Prairie oat yields could be down by as much as half this year and there is little chance the crop will improve even with better rainfall.

Shawna Mathieson, executive director of the Prairie Oat Growers Association (POGA), said organization directors from across the region who participated in a recent board meeting were grim about the upcoming harvest. “Not a single one thought they would have an average crop this year. I’m hearing reports that most people are expecting to be down 25 to 50% in yields this year.”

In its July supply-demand estimates, released on Tuesday, Agriculture Canada pegged this year’s Canadian oat crop at 3.794 million tonnes, down from the June estimate of 4.21 million and 17% below a year earlier. However, the Ag Canada estimates do not yet fully reflect the losses due to drought and searing heat across Western Canada this year. Oat seeded and harvested area were both revised lower from last month, while the average expected yield was trimmed to 89.2 bu/acre, down from 93.1 bu last month and 91.2 bu a year earlier.

In comparison, the USDA is projecting 2021 American oat production for this year at just under 600,000 tonnes, down 36.7% from last year, mainly due to the heat and drought impacting the key northern Plains production region. The average oat yield in North Dakota is estimated at 47 bu/acre this year, a drop of 31 bu or 39.7% from 2020. That would be the lowest since 2006 when the state average tumbled to just 41 bu/acre.

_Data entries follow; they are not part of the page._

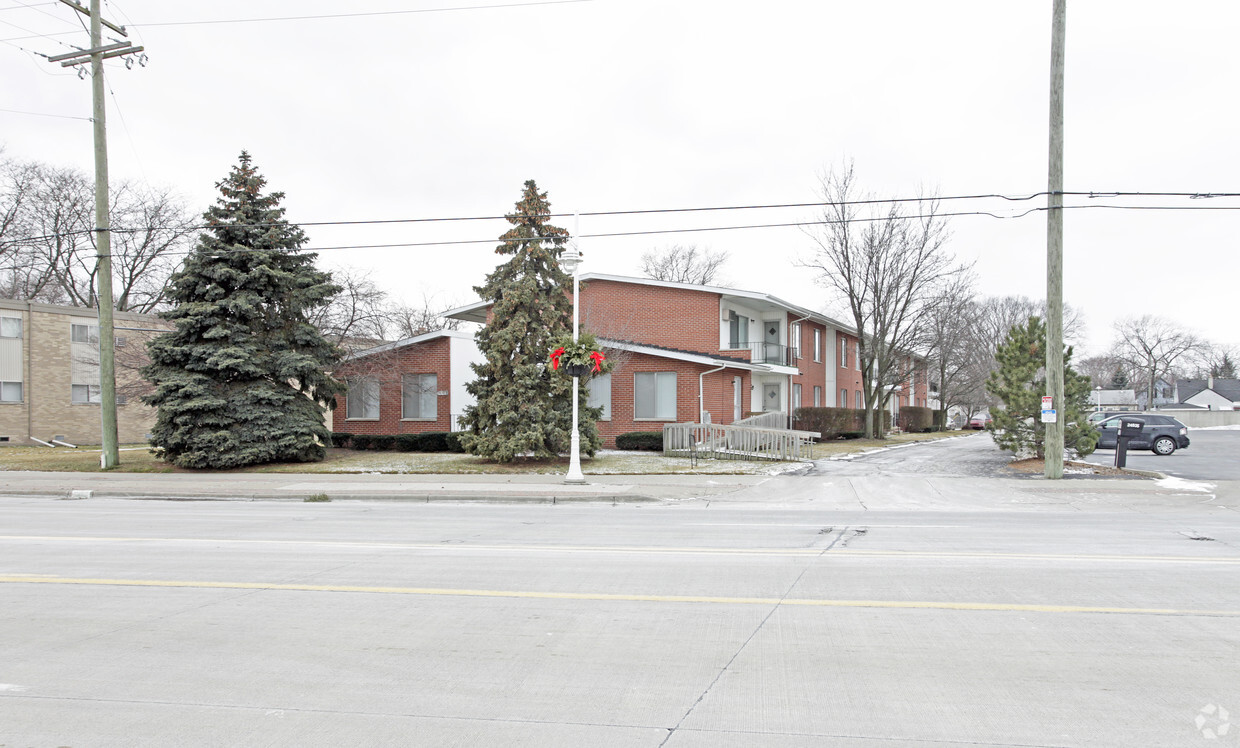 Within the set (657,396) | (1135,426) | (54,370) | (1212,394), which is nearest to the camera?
(657,396)

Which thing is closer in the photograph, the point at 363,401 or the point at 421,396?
the point at 421,396

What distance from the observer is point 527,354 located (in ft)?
73.7

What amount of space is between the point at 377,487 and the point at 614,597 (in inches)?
465

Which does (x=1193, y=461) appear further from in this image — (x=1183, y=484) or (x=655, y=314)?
(x=655, y=314)

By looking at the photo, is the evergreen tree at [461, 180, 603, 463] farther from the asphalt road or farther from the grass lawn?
the asphalt road

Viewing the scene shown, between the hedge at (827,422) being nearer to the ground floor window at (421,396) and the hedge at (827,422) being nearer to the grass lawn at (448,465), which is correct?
the grass lawn at (448,465)

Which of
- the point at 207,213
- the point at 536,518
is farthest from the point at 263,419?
the point at 536,518

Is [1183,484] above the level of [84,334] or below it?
below

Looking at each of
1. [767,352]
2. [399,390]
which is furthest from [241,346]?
[767,352]

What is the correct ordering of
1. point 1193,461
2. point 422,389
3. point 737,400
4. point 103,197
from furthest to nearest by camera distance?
point 422,389 → point 737,400 → point 1193,461 → point 103,197

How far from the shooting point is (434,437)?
95.5 feet

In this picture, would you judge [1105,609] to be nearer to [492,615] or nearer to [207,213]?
[492,615]

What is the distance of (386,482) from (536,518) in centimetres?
694

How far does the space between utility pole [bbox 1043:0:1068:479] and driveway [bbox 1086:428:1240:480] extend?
374cm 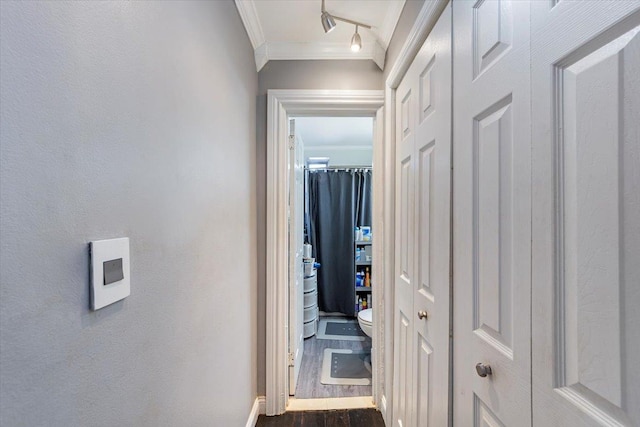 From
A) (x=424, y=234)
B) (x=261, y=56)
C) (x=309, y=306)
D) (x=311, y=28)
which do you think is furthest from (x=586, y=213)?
(x=309, y=306)

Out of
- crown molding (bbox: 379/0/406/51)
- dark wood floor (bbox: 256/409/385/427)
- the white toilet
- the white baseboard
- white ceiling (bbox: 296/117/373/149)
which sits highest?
crown molding (bbox: 379/0/406/51)

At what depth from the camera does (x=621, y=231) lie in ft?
1.42

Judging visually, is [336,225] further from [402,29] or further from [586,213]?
[586,213]

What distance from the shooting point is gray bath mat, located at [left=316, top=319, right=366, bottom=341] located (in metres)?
3.11

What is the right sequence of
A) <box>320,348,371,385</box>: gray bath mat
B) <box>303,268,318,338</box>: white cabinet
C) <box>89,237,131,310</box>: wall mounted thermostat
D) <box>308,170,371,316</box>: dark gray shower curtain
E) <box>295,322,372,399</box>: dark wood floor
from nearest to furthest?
<box>89,237,131,310</box>: wall mounted thermostat, <box>295,322,372,399</box>: dark wood floor, <box>320,348,371,385</box>: gray bath mat, <box>303,268,318,338</box>: white cabinet, <box>308,170,371,316</box>: dark gray shower curtain

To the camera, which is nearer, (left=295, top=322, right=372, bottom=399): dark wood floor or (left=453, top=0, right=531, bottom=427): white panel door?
(left=453, top=0, right=531, bottom=427): white panel door

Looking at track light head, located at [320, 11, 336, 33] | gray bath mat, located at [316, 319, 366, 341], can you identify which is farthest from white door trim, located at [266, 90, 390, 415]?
gray bath mat, located at [316, 319, 366, 341]

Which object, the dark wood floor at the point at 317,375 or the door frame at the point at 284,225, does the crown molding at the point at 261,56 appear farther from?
the dark wood floor at the point at 317,375

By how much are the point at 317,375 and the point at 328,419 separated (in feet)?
1.70

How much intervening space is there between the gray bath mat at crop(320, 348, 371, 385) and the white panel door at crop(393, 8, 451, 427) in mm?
707

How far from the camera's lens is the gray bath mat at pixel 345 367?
226cm

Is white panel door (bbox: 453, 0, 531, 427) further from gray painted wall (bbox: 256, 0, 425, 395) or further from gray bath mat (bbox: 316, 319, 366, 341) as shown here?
gray bath mat (bbox: 316, 319, 366, 341)

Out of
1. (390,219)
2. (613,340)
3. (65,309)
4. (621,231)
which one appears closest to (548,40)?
(621,231)

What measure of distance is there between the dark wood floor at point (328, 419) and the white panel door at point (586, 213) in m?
1.51
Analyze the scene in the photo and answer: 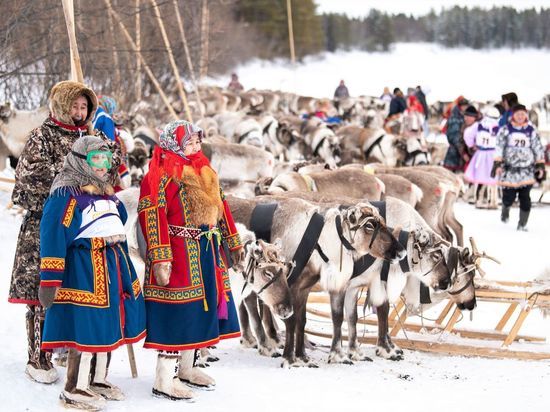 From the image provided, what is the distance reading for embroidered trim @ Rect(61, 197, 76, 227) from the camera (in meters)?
4.50

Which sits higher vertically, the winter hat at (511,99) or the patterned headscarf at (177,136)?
the patterned headscarf at (177,136)

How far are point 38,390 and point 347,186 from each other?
5.31 meters

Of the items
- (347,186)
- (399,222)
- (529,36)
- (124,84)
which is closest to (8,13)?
(347,186)

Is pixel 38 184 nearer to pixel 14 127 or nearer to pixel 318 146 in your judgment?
pixel 14 127

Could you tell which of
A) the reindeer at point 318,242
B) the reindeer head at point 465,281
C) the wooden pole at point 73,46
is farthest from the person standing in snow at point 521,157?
the wooden pole at point 73,46

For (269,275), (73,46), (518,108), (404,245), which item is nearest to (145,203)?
(269,275)

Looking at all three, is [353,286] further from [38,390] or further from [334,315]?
[38,390]

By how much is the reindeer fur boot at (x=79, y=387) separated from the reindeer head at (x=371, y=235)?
2158 millimetres

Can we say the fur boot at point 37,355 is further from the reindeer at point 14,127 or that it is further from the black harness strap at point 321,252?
the reindeer at point 14,127

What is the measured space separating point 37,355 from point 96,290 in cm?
Result: 78

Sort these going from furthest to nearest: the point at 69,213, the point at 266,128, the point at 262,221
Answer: the point at 266,128
the point at 262,221
the point at 69,213

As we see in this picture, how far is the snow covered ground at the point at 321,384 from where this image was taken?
4906 mm

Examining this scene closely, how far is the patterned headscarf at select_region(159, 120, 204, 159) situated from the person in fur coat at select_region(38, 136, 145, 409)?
0.38 meters

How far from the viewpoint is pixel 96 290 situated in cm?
454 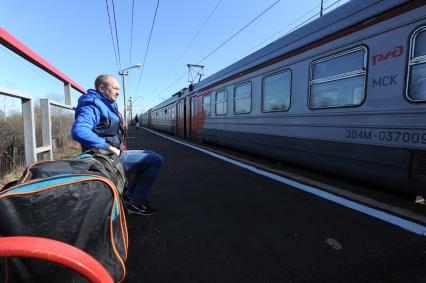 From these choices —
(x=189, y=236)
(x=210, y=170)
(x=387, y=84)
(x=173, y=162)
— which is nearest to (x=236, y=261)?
(x=189, y=236)

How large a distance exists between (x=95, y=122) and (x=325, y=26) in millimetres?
4279

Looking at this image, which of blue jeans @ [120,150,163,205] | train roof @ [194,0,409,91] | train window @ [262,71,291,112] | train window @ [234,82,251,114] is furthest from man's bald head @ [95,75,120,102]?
train window @ [234,82,251,114]

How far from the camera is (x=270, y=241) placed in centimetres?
281

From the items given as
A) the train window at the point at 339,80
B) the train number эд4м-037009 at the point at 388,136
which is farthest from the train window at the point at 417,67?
the train window at the point at 339,80

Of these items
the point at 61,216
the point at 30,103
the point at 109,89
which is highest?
the point at 109,89

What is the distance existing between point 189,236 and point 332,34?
13.5 ft

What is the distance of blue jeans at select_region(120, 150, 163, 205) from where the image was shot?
131 inches

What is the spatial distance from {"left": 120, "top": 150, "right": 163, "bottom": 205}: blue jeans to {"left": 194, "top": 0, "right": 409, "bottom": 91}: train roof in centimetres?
367

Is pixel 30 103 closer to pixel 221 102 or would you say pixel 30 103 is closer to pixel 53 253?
pixel 53 253

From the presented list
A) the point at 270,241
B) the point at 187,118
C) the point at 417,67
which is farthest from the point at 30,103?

Ag Canada is currently projecting 2021-22 Canadian oat ending stocks at 300,000 tonnes, down 100,000 from the June estimate and below 426,000 a year earlier, although that forecast is still likely too high as well.

Mathieson acknowledged there have yet to be any concrete oat production estimates at this point in the year, but producers have taken a close look at their struggling crops. Any significant rain that might come now likely wouldn’t be of much benefit, she added.

As for prices, she said Manitoba oats were at $4.50/bu for harvest delivery, while Saskatchewan was about $4/bu. with Alberta somewhere in the middle.